The key advantage: it runs efficiently on CPU. Apple Silicon gets 4-8x speedup via Core ML and Metal. NVIDIA GPUs work via CUDA. Even a Raspberry Pi can transcribe audio. Real-time streaming transcription works on modern laptops.

With 37,000+ stars and the same developer behind llama.cpp, whisper.cpp is the go-to solution for local, private speech recognition.

## Details

### Model Sizes

| Model | Disk | RAM | Speed (CPU) | Quality |
|-------|------|-----|-------------|---------|
| **tiny** | 75 MB | ~390 MB | ~32x real-time | Good for drafts |
| **base** | 142 MB | ~500 MB | ~16x real-time | Solid accuracy |
| **small** | 466 MB | ~1 GB | ~6x real-time | Very good |
| **medium** | 1.5 GB | ~2.6 GB | ~2x real-time | Excellent |
| **large-v3** | 3.1 GB | ~4.8 GB | ~1x real-time | Best quality |

### Hardware Acceleration

| Platform | Backend | Speedup |
|----------|---------|---------|
| Apple Silicon | Core ML + Metal | 4-8x |
| NVIDIA GPU | CUDA | 5-10x |
| Intel CPU | OpenVINO | 2-3x |
| Any CPU | AVX2/NEON | Baseline |
| Raspberry Pi 4 | ARM NEON | Usable (tiny model) |

### Language Bindings

whisper.cpp has community bindings for virtually every language:

- **Python**: `pywhispercpp` — `pip install pywhispercpp`
- **Node.js**: `whisper-node` — `npm install whisper-node`
- **Go**: `go-whisper`
- **Rust**: `whisper-rs`
- **C#/.NET**: `Whisper.net`
- **Java**: `whisper-jni`
- **Ruby**: `ruby-whisper`

### Features

- **Streaming** — real-time transcription from microphone
- **Timestamps** — word-level and segment-level timing
- **Translation** — transcribe and translate to English simultaneously
- **VAD** — voice activity detection to skip silence
- **Speaker diarization** — basic speaker identification
- **Output formats** — TXT, SRT, VTT, JSON, CSV

## Frequently Asked Questions

**Q: How does accuracy compare to the original Whisper?**
A: Identical. whisper.cpp uses the same model weights. Output quality is the same — only the inference engine differs.

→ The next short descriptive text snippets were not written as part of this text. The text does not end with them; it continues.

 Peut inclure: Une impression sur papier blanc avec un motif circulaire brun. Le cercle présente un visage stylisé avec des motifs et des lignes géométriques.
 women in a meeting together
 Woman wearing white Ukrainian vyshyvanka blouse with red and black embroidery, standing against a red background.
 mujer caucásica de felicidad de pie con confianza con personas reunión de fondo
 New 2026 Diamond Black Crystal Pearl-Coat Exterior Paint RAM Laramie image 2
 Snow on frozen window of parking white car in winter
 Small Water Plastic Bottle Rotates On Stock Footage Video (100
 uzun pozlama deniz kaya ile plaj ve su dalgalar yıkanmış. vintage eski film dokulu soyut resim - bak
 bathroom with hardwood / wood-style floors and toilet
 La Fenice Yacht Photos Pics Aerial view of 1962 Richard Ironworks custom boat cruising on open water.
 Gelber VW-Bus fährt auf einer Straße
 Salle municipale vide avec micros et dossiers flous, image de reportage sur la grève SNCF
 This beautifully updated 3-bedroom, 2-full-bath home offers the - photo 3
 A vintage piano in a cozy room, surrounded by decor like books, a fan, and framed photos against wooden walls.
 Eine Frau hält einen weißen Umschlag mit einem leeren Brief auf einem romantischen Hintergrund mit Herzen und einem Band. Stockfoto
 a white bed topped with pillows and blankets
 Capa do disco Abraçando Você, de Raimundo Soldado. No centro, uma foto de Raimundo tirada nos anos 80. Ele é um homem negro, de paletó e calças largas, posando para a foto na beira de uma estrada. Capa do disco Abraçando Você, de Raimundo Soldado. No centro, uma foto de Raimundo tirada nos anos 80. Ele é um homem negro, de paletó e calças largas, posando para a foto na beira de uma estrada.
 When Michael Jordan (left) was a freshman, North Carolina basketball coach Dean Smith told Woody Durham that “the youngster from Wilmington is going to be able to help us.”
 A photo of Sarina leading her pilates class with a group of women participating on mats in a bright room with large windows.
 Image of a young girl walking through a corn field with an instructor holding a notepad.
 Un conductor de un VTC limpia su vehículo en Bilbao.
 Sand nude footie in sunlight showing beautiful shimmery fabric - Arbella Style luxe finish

**Q: Can it run on a phone?**
A: Yes. There are iOS and Android ports. The tiny and base models work well on modern phones.

**Q: Does it support real-time transcription?**
A: Yes. `whisper-stream` does real-time microphone transcription. Works well with the base model on modern laptops.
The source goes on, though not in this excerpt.